--- Given records ---

^^^^^^^^

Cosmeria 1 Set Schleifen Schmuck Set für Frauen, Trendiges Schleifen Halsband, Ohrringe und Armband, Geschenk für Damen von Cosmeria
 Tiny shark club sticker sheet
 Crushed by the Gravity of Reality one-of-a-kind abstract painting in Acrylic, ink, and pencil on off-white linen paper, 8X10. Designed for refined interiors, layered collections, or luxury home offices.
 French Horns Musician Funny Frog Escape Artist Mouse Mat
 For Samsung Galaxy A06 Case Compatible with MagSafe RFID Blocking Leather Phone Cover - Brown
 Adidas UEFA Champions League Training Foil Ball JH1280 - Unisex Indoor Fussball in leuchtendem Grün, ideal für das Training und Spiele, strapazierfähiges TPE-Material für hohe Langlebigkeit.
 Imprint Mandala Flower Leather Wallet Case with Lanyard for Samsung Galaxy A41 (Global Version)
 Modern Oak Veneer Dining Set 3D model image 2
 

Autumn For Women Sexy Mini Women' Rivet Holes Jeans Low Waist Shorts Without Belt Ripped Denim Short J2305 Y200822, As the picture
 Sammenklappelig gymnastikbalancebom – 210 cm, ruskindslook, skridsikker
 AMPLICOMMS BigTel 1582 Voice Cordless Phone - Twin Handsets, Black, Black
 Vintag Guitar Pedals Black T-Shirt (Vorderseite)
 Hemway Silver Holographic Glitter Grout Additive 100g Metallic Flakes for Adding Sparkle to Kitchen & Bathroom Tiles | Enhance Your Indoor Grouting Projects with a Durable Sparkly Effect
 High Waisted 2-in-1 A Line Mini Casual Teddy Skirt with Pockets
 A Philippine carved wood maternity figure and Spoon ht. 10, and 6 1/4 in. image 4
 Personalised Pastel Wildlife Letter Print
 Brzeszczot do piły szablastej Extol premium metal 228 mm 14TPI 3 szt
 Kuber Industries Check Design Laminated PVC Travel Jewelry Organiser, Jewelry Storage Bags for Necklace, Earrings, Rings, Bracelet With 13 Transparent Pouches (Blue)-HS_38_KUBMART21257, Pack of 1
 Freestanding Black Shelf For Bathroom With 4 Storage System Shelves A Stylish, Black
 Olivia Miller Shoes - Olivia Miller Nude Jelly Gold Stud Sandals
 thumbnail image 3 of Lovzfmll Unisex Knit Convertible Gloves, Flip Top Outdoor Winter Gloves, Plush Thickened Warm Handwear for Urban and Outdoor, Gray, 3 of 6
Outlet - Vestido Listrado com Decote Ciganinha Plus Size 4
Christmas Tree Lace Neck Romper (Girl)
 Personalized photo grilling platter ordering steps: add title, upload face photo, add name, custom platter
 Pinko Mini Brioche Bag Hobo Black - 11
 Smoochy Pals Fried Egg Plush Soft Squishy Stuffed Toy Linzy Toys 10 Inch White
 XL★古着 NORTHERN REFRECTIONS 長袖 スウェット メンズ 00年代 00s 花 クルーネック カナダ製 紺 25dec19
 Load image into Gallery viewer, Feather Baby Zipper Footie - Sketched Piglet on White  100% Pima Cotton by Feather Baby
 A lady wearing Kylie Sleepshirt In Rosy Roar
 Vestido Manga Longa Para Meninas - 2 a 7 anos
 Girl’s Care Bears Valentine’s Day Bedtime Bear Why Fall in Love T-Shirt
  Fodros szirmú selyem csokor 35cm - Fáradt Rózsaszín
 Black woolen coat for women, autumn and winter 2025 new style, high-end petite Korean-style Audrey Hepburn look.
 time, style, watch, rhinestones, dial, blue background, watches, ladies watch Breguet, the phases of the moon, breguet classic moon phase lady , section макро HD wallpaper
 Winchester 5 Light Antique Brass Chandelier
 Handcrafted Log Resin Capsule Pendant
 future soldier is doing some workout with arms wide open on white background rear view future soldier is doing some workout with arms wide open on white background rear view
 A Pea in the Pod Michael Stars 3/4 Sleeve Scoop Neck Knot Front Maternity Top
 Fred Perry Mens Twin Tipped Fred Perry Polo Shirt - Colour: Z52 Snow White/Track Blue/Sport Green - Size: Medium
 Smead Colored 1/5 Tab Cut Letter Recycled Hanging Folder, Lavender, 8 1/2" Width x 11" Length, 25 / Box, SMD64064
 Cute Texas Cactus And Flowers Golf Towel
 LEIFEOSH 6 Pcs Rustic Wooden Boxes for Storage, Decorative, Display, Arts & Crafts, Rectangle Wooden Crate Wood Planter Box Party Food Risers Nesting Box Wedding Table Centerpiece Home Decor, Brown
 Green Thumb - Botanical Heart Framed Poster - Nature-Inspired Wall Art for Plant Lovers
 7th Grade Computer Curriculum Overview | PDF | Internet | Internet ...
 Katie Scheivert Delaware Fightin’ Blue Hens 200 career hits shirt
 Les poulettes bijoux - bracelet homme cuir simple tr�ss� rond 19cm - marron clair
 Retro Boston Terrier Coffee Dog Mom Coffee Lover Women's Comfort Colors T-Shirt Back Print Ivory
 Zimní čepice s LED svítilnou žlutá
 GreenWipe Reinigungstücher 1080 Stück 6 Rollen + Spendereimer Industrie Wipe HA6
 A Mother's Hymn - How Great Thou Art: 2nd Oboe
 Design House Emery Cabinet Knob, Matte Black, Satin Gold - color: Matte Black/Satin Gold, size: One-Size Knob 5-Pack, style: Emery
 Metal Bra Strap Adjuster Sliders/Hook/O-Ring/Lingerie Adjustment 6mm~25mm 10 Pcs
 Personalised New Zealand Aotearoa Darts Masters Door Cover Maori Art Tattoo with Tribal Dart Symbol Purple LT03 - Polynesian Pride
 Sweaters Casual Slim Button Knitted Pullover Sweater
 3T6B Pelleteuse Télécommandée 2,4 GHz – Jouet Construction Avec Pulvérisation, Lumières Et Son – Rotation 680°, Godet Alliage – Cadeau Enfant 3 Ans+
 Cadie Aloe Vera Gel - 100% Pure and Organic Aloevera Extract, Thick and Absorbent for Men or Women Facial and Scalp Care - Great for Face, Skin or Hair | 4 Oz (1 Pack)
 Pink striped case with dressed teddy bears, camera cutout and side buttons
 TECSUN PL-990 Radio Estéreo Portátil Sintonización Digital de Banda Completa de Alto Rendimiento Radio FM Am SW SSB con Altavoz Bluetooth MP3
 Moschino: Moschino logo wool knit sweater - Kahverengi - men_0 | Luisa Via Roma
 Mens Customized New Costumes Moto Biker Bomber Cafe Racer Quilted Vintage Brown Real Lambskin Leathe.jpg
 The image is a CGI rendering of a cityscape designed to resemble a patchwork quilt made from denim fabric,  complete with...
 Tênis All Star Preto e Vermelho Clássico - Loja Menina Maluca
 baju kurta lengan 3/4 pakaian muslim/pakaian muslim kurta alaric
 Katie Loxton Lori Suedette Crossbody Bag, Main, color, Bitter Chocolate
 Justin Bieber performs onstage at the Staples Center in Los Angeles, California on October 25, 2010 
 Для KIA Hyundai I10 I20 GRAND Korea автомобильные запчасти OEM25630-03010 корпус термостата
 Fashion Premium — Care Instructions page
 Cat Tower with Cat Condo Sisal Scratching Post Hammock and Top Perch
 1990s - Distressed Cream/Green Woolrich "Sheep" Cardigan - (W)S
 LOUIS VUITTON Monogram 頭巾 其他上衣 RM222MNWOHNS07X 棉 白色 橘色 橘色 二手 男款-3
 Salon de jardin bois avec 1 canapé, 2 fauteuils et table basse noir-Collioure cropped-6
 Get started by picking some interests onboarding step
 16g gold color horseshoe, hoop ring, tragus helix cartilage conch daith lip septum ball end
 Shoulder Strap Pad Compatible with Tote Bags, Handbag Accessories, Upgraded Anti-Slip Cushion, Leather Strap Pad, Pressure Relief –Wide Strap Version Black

^^^^^^^^

--- Exercise brief ---
What's needed is every line of the listing, transcribed word for word.

--- Solved problem ---
Cosmeria 1 Set Schleifen Schmuck Set für Frauen, Trendiges Schleifen Halsband, Ohrringe und Armband, Geschenk für Damen von Cosmeria
 Tiny shark club sticker sheet
 Crushed by the Gravity of Reality one-of-a-kind abstract painting in Acrylic, ink, and pencil on off-white linen paper, 8X10. Designed for refined interiors, layered collections, or luxury home offices.
 French Horns Musician Funny Frog Escape Artist Mouse Mat
 For Samsung Galaxy A06 Case Compatible with MagSafe RFID Blocking Leather Phone Cover - Brown
 Adidas UEFA Champions League Training Foil Ball JH1280 - Unisex Indoor Fussball in leuchtendem Grün, ideal für das Training und Spiele, strapazierfähiges TPE-Material für hohe Langlebigkeit.
 Imprint Mandala Flower Leather Wallet Case with Lanyard for Samsung Galaxy A41 (Global Version)
 Modern Oak Veneer Dining Set 3D model image 2
 

Autumn For Women Sexy Mini Women' Rivet Holes Jeans Low Waist Shorts Without Belt Ripped Denim Short J2305 Y200822, As the picture
 Sammenklappelig gymnastikbalancebom – 210 cm, ruskindslook, skridsikker
 AMPLICOMMS BigTel 1582 Voice Cordless Phone - Twin Handsets, Black, Black
 Vintag Guitar Pedals Black T-Shirt (Vorderseite)
 Hemway Silver Holographic Glitter Grout Additive 100g Metallic Flakes for Adding Sparkle to Kitchen & Bathroom Tiles | Enhance Your Indoor Grouting Projects with a Durable Sparkly Effect
 High Waisted 2-in-1 A Line Mini Casual Teddy Skirt with Pockets
 A Philippine carved wood maternity figure and Spoon ht. 10, and 6 1/4 in. image 4
 Personalised Pastel Wildlife Letter Print
 Brzeszczot do piły szablastej Extol premium metal 228 mm 14TPI 3 szt
 Kuber Industries Check Design Laminated PVC Travel Jewelry Organiser, Jewelry Storage Bags for Necklace, Earrings, Rings, Bracelet With 13 Transparent Pouches (Blue)-HS_38_KUBMART21257, Pack of 1
 Freestanding Black Shelf For Bathroom With 4 Storage System Shelves A Stylish, Black
 Olivia Miller Shoes - Olivia Miller Nude Jelly Gold Stud Sandals
 thumbnail image 3 of Lovzfmll Unisex Knit Convertible Gloves, Flip Top Outdoor Winter Gloves, Plush Thickened Warm Handwear for Urban and Outdoor, Gray, 3 of 6
Outlet - Vestido Listrado com Decote Ciganinha Plus Size 4
Christmas Tree Lace Neck Romper (Girl)
 Personalized photo grilling platter ordering steps: add title, upload face photo, add name, custom platter
 Pinko Mini Brioche Bag Hobo Black - 11
 Smoochy Pals Fried Egg Plush Soft Squishy Stuffed Toy Linzy Toys 10 Inch White
 XL★古着 NORTHERN REFRECTIONS 長袖 スウェット メンズ 00年代 00s 花 クルーネック カナダ製 紺 25dec19
 Load image into Gallery viewer, Feather Baby Zipper Footie - Sketched Piglet on White  100% Pima Cotton by Feather Baby
 A lady wearing Kylie Sleepshirt In Rosy Roar
 Vestido Manga Longa Para Meninas - 2 a 7 anos
 Girl’s Care Bears Valentine’s Day Bedtime Bear Why Fall in Love T-Shirt
  Fodros szirmú selyem csokor 35cm - Fáradt Rózsaszín
 Black woolen coat for women, autumn and winter 2025 new style, high-end petite Korean-style Audrey Hepburn look.
 time, style, watch, rhinestones, dial, blue background, watches, ladies watch Breguet, the phases of the moon, breguet classic moon phase lady , section макро HD wallpaper
 Winchester 5 Light Antique Brass Chandelier
 Handcrafted Log Resin Capsule Pendant
 future soldier is doing some workout with arms wide open on white background rear view future soldier is doing some workout with arms wide open on white background rear view
 A Pea in the Pod Michael Stars 3/4 Sleeve Scoop Neck Knot Front Maternity Top
 Fred Perry Mens Twin Tipped Fred Perry Polo Shirt - Colour: Z52 Snow White/Track Blue/Sport Green - Size: Medium
 Smead Colored 1/5 Tab Cut Letter Recycled Hanging Folder, Lavender, 8 1/2" Width x 11" Length, 25 / Box, SMD64064
 Cute Texas Cactus And Flowers Golf Towel
 LEIFEOSH 6 Pcs Rustic Wooden Boxes for Storage, Decorative, Display, Arts & Crafts, Rectangle Wooden Crate Wood Planter Box Party Food Risers Nesting Box Wedding Table Centerpiece Home Decor, Brown
 Green Thumb - Botanical Heart Framed Poster - Nature-Inspired Wall Art for Plant Lovers
 7th Grade Computer Curriculum Overview | PDF | Internet | Internet ...
 Katie Scheivert Delaware Fightin’ Blue Hens 200 career hits shirt
 Les poulettes bijoux - bracelet homme cuir simple tr�ss� rond 19cm - marron clair
 Retro Boston Terrier Coffee Dog Mom Coffee Lover Women's Comfort Colors T-Shirt Back Print Ivory
 Zimní čepice s LED svítilnou žlutá
 GreenWipe Reinigungstücher 1080 Stück 6 Rollen + Spendereimer Industrie Wipe HA6
 A Mother's Hymn - How Great Thou Art: 2nd Oboe
 Design House Emery Cabinet Knob, Matte Black, Satin Gold - color: Matte Black/Satin Gold, size: One-Size Knob 5-Pack, style: Emery
 Metal Bra Strap Adjuster Sliders/Hook/O-Ring/Lingerie Adjustment 6mm~25mm 10 Pcs
 Personalised New Zealand Aotearoa Darts Masters Door Cover Maori Art Tattoo with Tribal Dart Symbol Purple LT03 - Polynesian Pride
 Sweaters Casual Slim Button Knitted Pullover Sweater
 3T6B Pelleteuse Télécommandée 2,4 GHz – Jouet Construction Avec Pulvérisation, Lumières Et Son – Rotation 680°, Godet Alliage – Cadeau Enfant 3 Ans+
 Cadie Aloe Vera Gel - 100% Pure and Organic Aloevera Extract, Thick and Absorbent for Men or Women Facial and Scalp Care - Great for Face, Skin or Hair | 4 Oz (1 Pack)
 Pink striped case with dressed teddy bears, camera cutout and side buttons
 TECSUN PL-990 Radio Estéreo Portátil Sintonización Digital de Banda Completa de Alto Rendimiento Radio FM Am SW SSB con Altavoz Bluetooth MP3
 Moschino: Moschino logo wool knit sweater - Kahverengi - men_0 | Luisa Via Roma
 Mens Customized New Costumes Moto Biker Bomber Cafe Racer Quilted Vintage Brown Real Lambskin Leathe.jpg
 The image is a CGI rendering of a cityscape designed to resemble a patchwork quilt made from denim fabric,  complete with...
 Tênis All Star Preto e Vermelho Clássico - Loja Menina Maluca
 baju kurta lengan 3/4 pakaian muslim/pakaian muslim kurta alaric
 Katie Loxton Lori Suedette Crossbody Bag, Main, color, Bitter Chocolate
 Justin Bieber performs onstage at the Staples Center in Los Angeles, California on October 25, 2010 
 Для KIA Hyundai I10 I20 GRAND Korea автомобильные запчасти OEM25630-03010 корпус термостата
 Fashion Premium — Care Instructions page
 Cat Tower with Cat Condo Sisal Scratching Post Hammock and Top Perch
 1990s - Distressed Cream/Green Woolrich "Sheep" Cardigan - (W)S
 LOUIS VUITTON Monogram 頭巾 其他上衣 RM222MNWOHNS07X 棉 白色 橘色 橘色 二手 男款-3
 Salon de jardin bois avec 1 canapé, 2 fauteuils et table basse noir-Collioure cropped-6
 Get started by picking some interests onboarding step
 16g gold color horseshoe, hoop ring, tragus helix cartilage conch daith lip septum ball end
 Shoulder Strap Pad Compatible with Tote Bags, Handbag Accessories, Upgraded Anti-Slip Cushion, Leather Strap Pad, Pressure Relief –Wide Strap Version Black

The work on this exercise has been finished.